What this task involves:
Retype exactly the lines below, starting with the line that contains "Offre Yaourt La" and ending with the last line; leave out any pictures.

Data to examine:
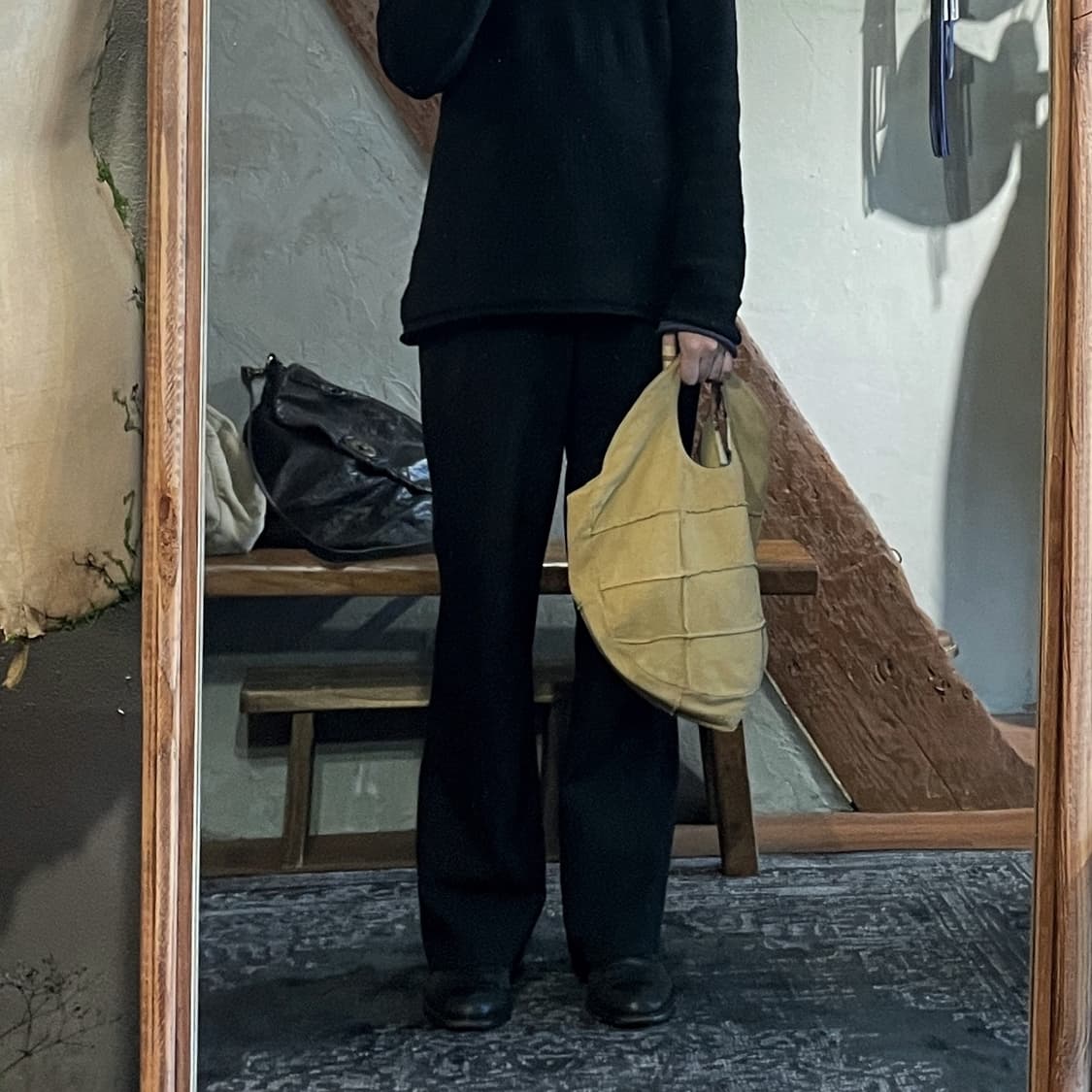 츠모리 치사토 타탄체크/스웨이드 리버서블 백 상품이미지3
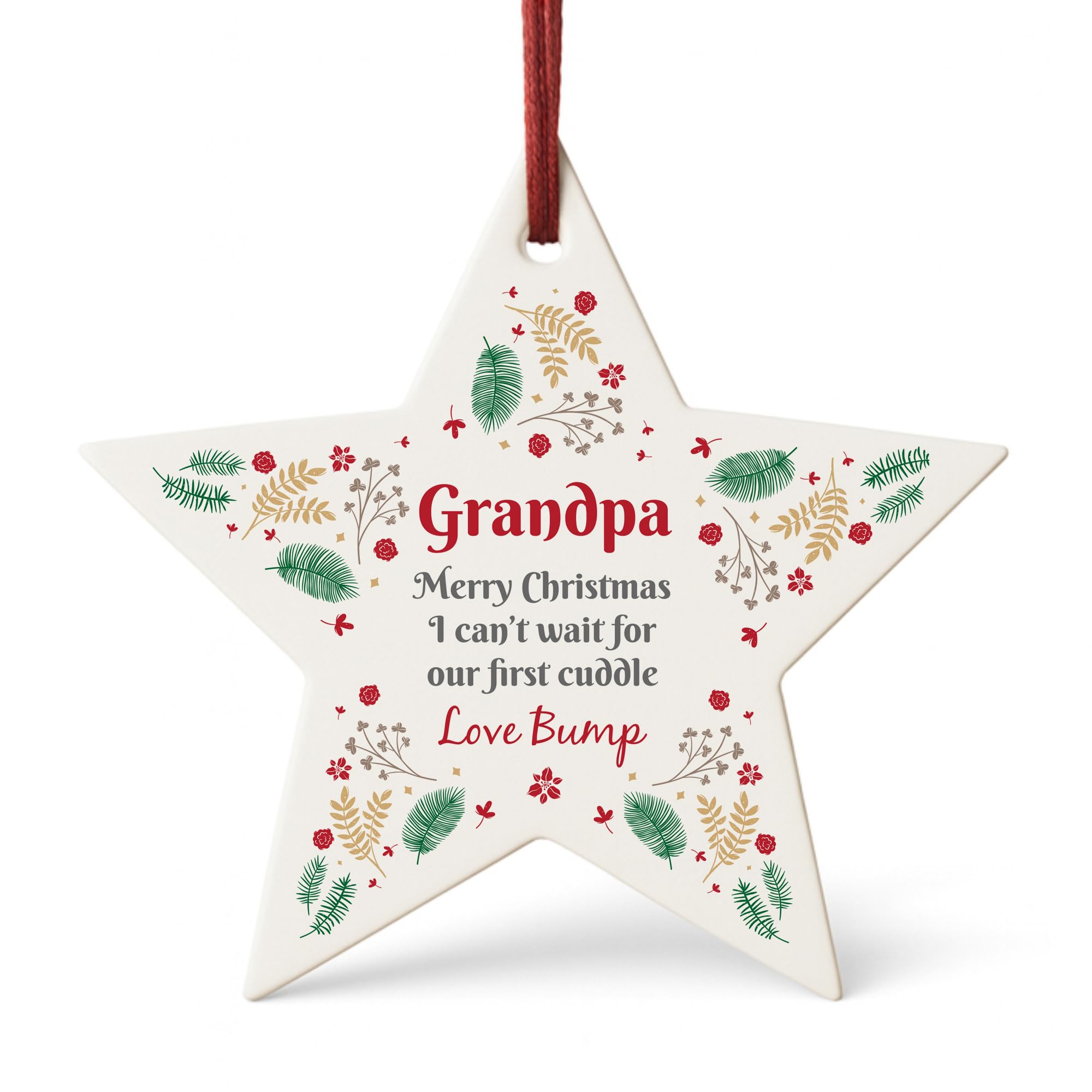 Red Ocean Merry Christmas Grandpa To Be From Bump Acrylic Star For New Grandpa Christmas Tree Decoration Baby Bump Beautiful Keepsake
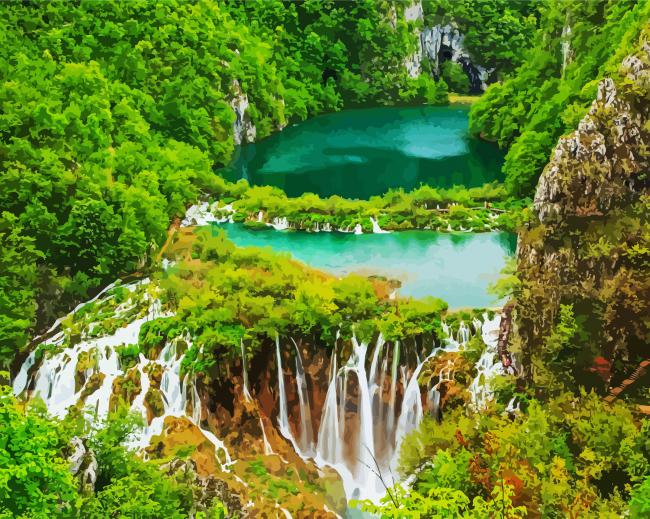 Plitvice Lakes National Park Croatia paint by number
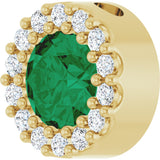 14K Gold Round Lab-Grown Emerald Halo-Style Pendant – up to 1/10 CTW - Yellow Gold - view 2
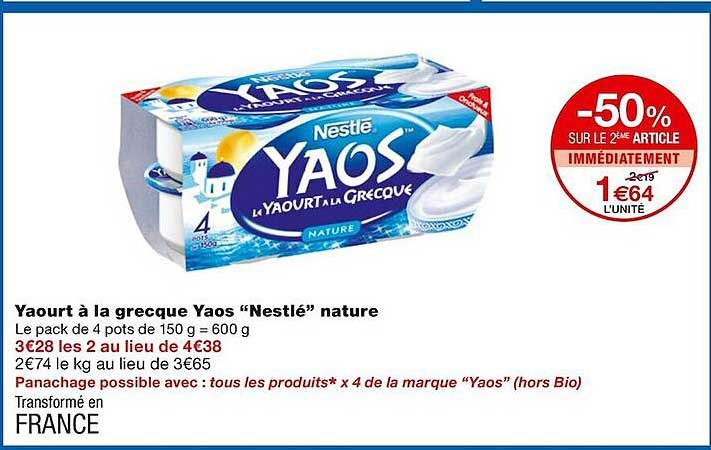 Offre Yaourt La Grecque Yaos Nestl Nature Chez Monoprix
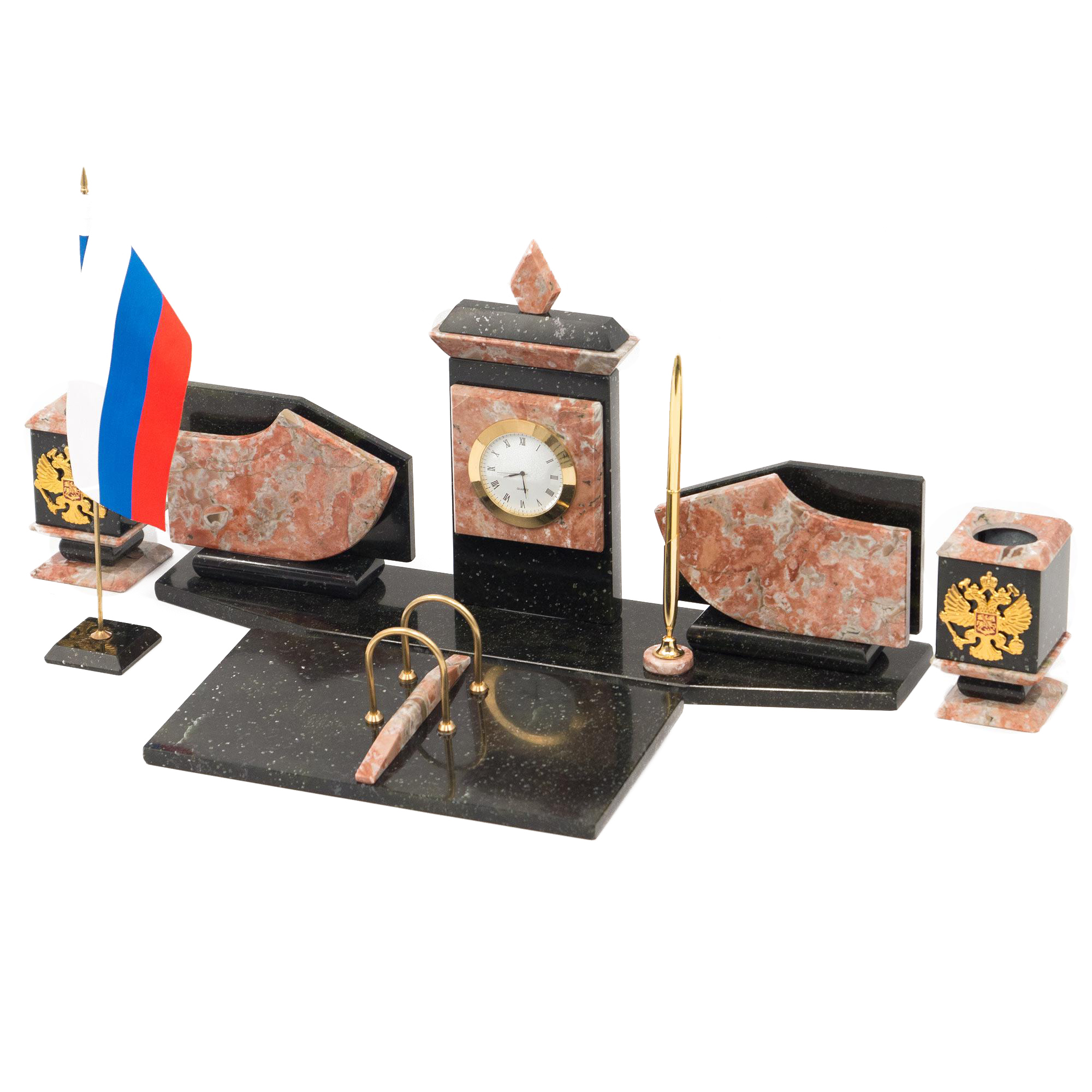 Настольный набор «Герб России» камень креноид - артикул: 016650 | Мосподарок 
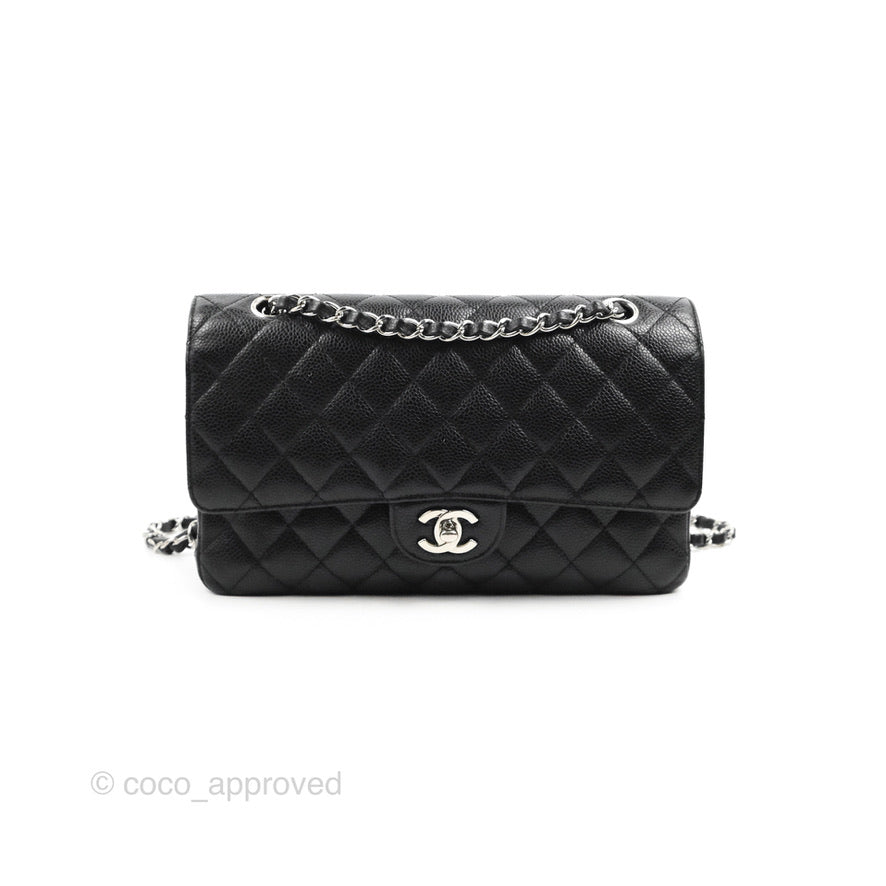 Chanel Classic M/L Medium Flap Quilted Black Caviar Silver Hardware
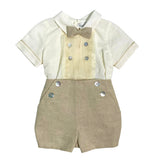 Completo Corto Elegante In Lino Con Bermuda Neonato PONTO POR PONTO 6322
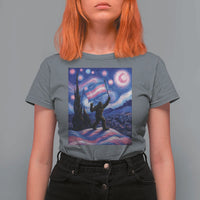 Bigfoot Starry Night Trans Rights T Shirt For Women Sasquatch LGBTQ Pride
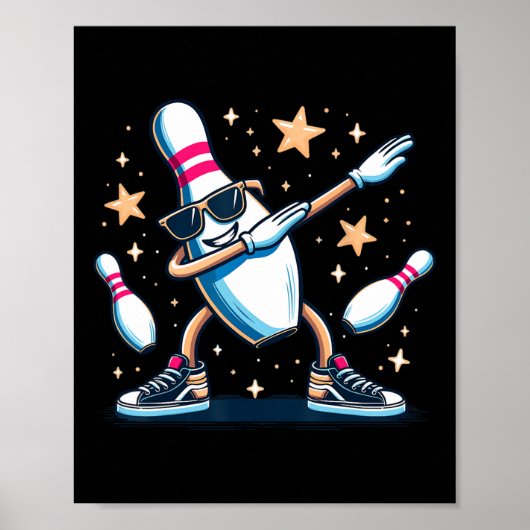 Poster Bowling Pin Dabbing Sungles Bowler Player Kids Boy (Devant)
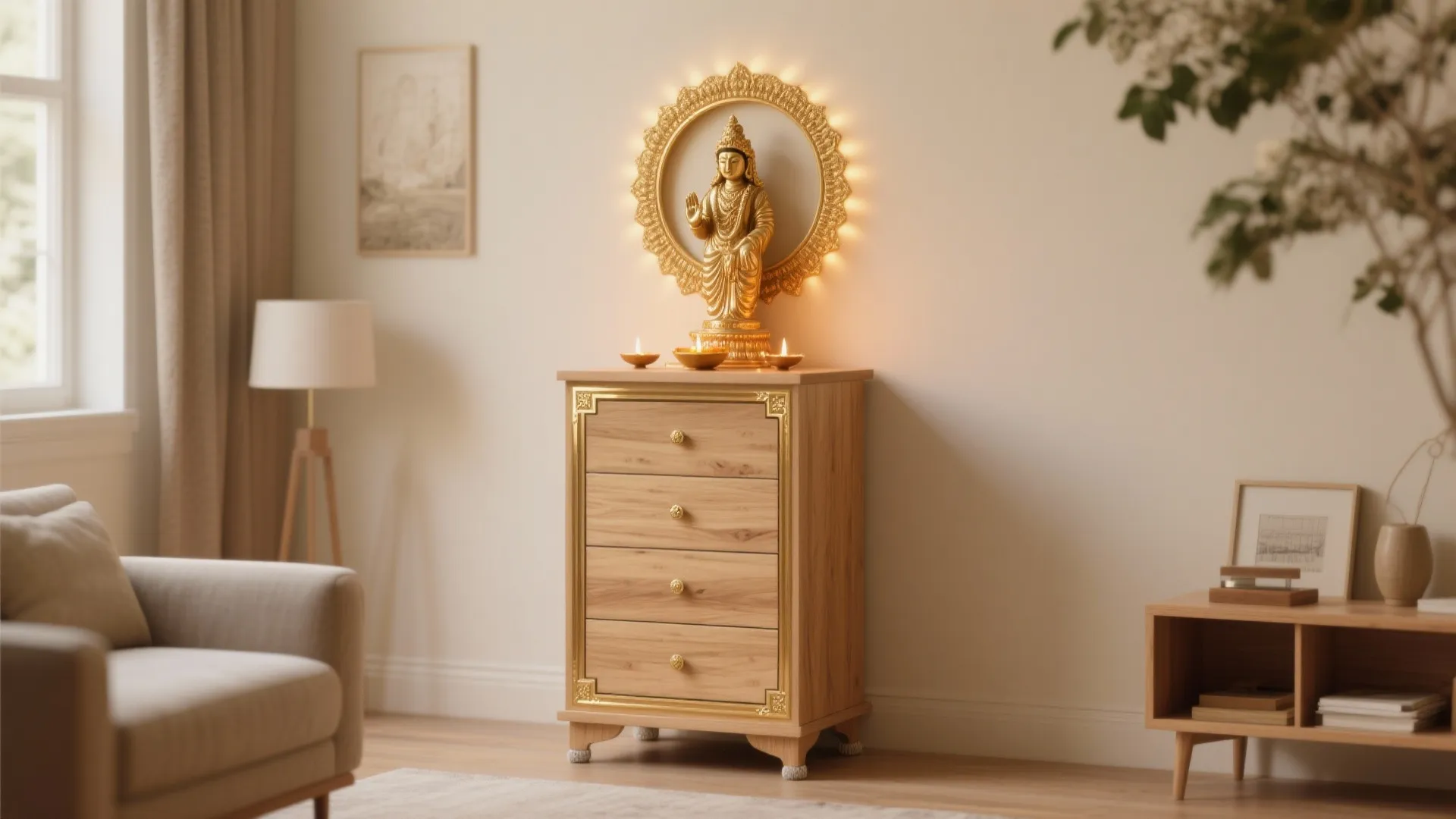 Freestanding Plywood Mandir with Brass Accents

Result for this exercise:
 Offre Yaourt La Grecque Yaos Nestl Nature Chez Monoprix
 Настольный набор «Герб России» камень креноид - артикул: 016650 | Мосподарок 
 Chanel Classic M/L Medium Flap Quilted Black Caviar Silver Hardware
 Completo Corto Elegante In Lino Con Bermuda Neonato PONTO POR PONTO 6322
 Bigfoot Starry Night Trans Rights T Shirt For Women Sasquatch LGBTQ Pride
 Poster Bowling Pin Dabbing Sungles Bowler Player Kids Boy (Devant)
 Freestanding Plywood Mandir with Brass Accents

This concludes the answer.